This study was divided into an EIN group and a non-elastic intramedullary nailing (NEIN) group.

The surgical methods of the NEIN group were as follows: after the administration of anesthesia, the children were maintained in the supine position and strictly sterilized and draped after location of the focus by the C-arm; the skin, subcutaneous tissue and deep fascia were incised, with attention paid to protecting the peripheral nerves. The periosteum and the focus were exposed layer by layer. The periosteum was gently peeled off to expose the cortex of the focus, followed by aspiration of the fluid in the cystic cavity for examination. The focal cortex was drilled, and a rectangular bone window was chiseled into the cyst wall; the cyst focus was cleared as far as possible without damaging the epiphysis. Next, the cyst wall was rinsed with a large amount of normal saline after inactivation with anhydrous alcohol, and the medullary cavity of the upper and lower sides of the cystic cavity was drilled through. The autogenous bone/allogeneic bone/artificial bone were arranged tightly along the gravity line of the trabecular bone to fill the cystic cavity, and the filling was satisfactory under the C-arm. After correctly counting the medical appliances, we used 1% povidone iodine and normal saline to clean the incision and sutured the wound layer by layer. Subcutaneous tissue and intracutaneous tissue were continuously sutured with the absorbable thread, 1 drainage tube was placed subcutaneously, and the brace was fixed externally.

The surgical method in the EIN group was similar to that in the NEIN group. After curettage and bone grafting, under direct vision, 1 or 2 elastic intramedullary nails (2.5 to 4.0 mm, Sanatmetal, Hungary) were inserted from the metaphysis, fixed to the medullary cavity and passed through the cystic cavity.

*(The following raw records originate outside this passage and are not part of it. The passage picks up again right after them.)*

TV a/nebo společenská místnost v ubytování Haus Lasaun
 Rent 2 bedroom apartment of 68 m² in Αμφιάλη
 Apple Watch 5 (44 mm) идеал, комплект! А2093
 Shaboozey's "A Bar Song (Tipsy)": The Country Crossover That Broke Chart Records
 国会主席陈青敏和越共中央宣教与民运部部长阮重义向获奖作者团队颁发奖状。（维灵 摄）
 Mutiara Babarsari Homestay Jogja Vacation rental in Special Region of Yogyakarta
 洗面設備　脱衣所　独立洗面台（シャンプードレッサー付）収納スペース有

The length and diameter of the elastic intramedullary nail were determined by measuring the humerus or femur on anteroposterior and lateral X-ray films before surgery. The diameter of the nails was selected such that 2 nails would occupy approximately two-thirds of the medullary canal[23] (or 1 nail would occupy approximately half of the medullary canal), and their tips did not damage the growth plates of the bones.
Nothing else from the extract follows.